Figure 1. Dosage data in Single-Dosage format with samples in row labels a. In the first dialog, leave Spreadsheet is in Single-Dosage format (one column/row per sample) checked. b. Also leave Row Labels selected after Samples are found in. c. Since this spreadsheet contains only real columns, this is the only numeric type available. Leave it checked and click Next>. d. In the next prompt, specify minimum and maximum threshold values for A_A, A_B and B_B. Click Convert. e. The resulting spreadsheet contains the converted genotypes and is a child of the original spreadsheet.

4. CASE 2: Samples in Row Labels, Double-Dosage Format a. In the first dialog, uncheck Spreadsheet is in Single-Dosage format (one column/row per sample). b. Leave Row Labels selected after Samples are found in. c. Since this spreadsheet contains only real columns, this is the only numeric type available. Leave it checked and click Next>.

d.
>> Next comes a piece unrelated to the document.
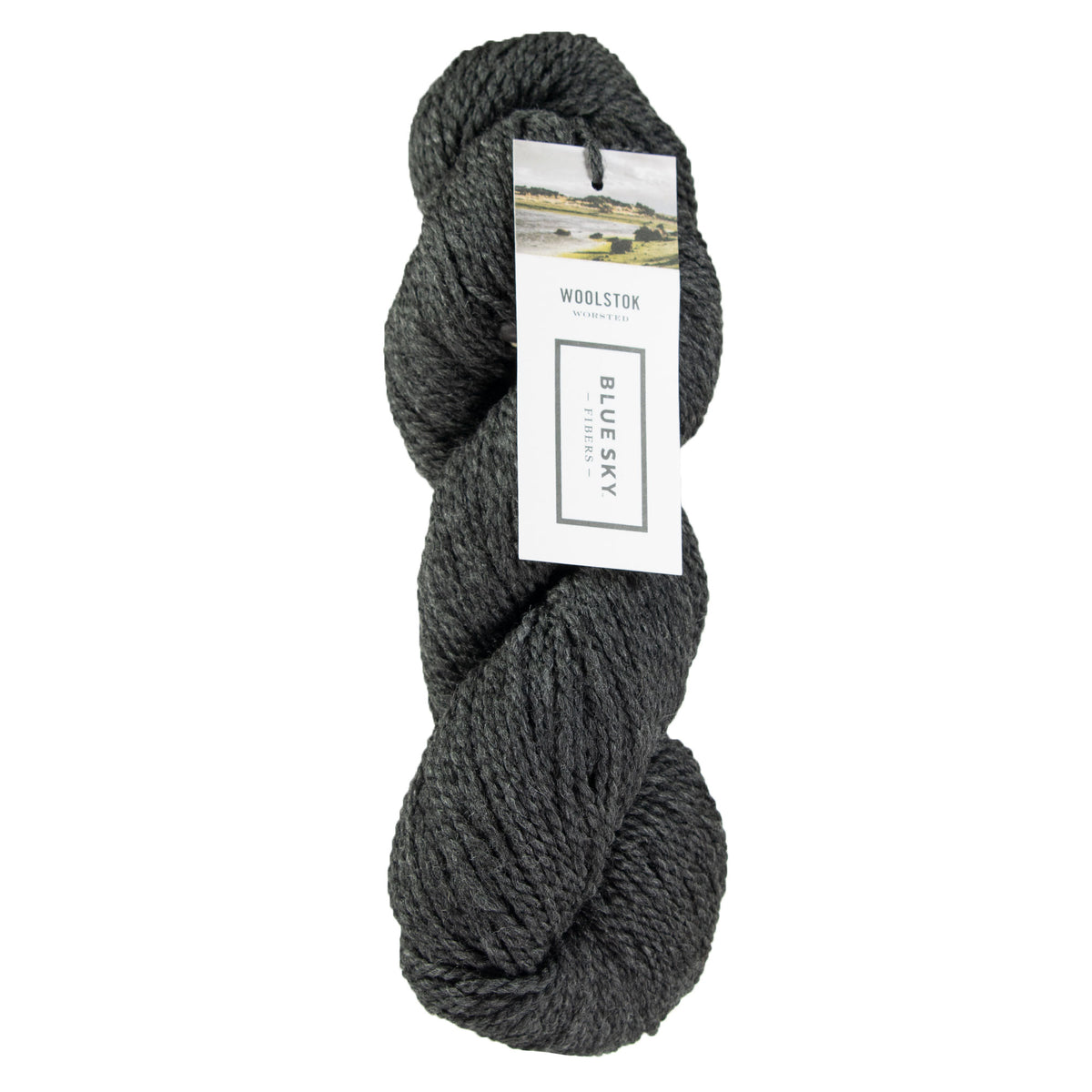 Blue Sky Fibers Woolstok Yarn - 1300 Cast Iron - Zoom Image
In the next prompt, specify the minimum dosage value for a called genotype. Click Convert. e. The resulting spreadsheet contains the converted genotypes and is a child of the original spreadsheet. 5. CASE 3: Samples in Column Headers, Single-Dosage Format. a. In the first dialog, leave Spreadsheet is in Single-Dosage format (one column/row per sample) checked. b. Select Column Headers after Samples are found in.
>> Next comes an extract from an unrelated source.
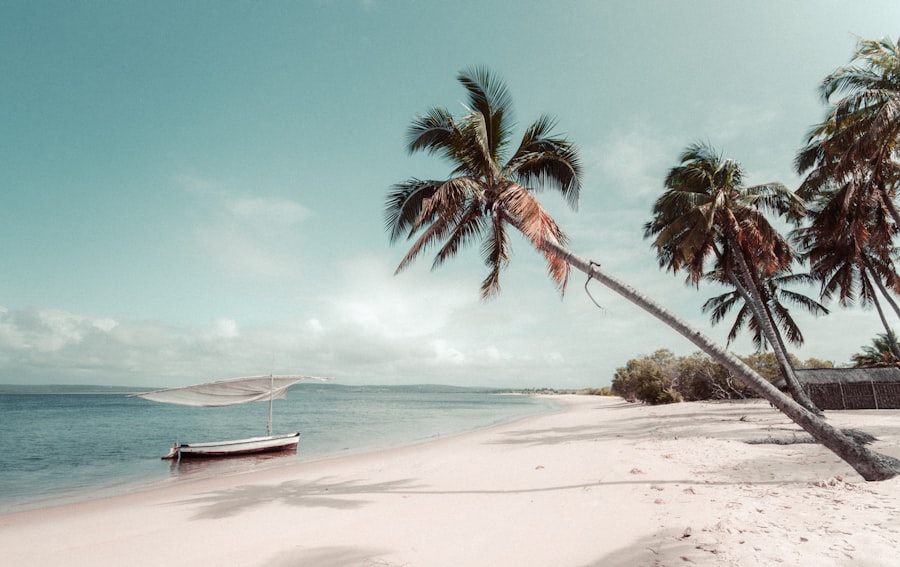 Parque Nacional de Maputo, Estadia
c. This spreadsheet contains integer and real columns that contain dosage data. Leave both types checked and click Next>. d. In the next prompt, specify the minimum and maximum dosage values for each genotype. e. This spreadsheet also contains allele translation columns for A and B. Check Translate Alleles and choose the appropriate columns (this may be auto-detected and checked in your own spreadsheet). f. The resulting spreadsheet contains the converted genotypes (with translated alleles) and is a child of the original spreadsheet.
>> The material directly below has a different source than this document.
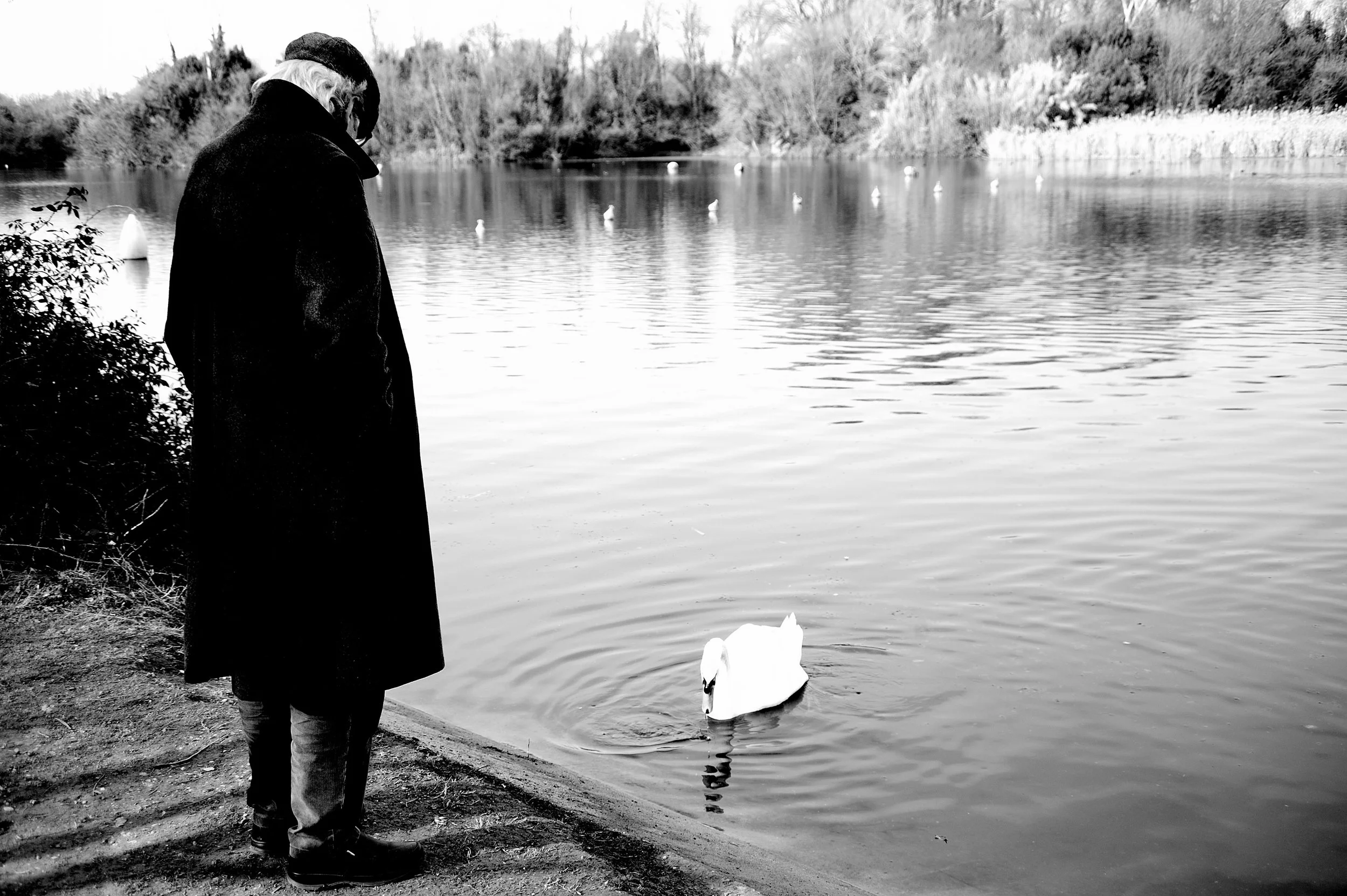 a cavallo a carnevale_4945.JPG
6. CASE 4: Samples in Column Headers, Double-Dosage Format. a. In the first dialog, uncheck Spreadsheet is in Single-Dosage format (one column/row per sample). b. Select Column Headers after Samples are found in. c. This spreadsheet has real columns that contain dosage data and an integer column with position. Since you do not want to convert position, uncheck Integer columns (1) click Next>. d. In the next prompt, specify the minimum dosage value for a called genotype. e. This spreadsheet contains marker map information so check Create Marker Map from columns and choose the appropriate columns (these may be auto-detected and checked in your own spreadsheet).

f. This spreadsheet also contains allele translation columns for A and B. Check Translate Alleles and choose the appropriate columns. g. The resulting marker-mapped spreadsheet contains the converted genotypes (with translated alleles) and is a child of the original spreadsheet.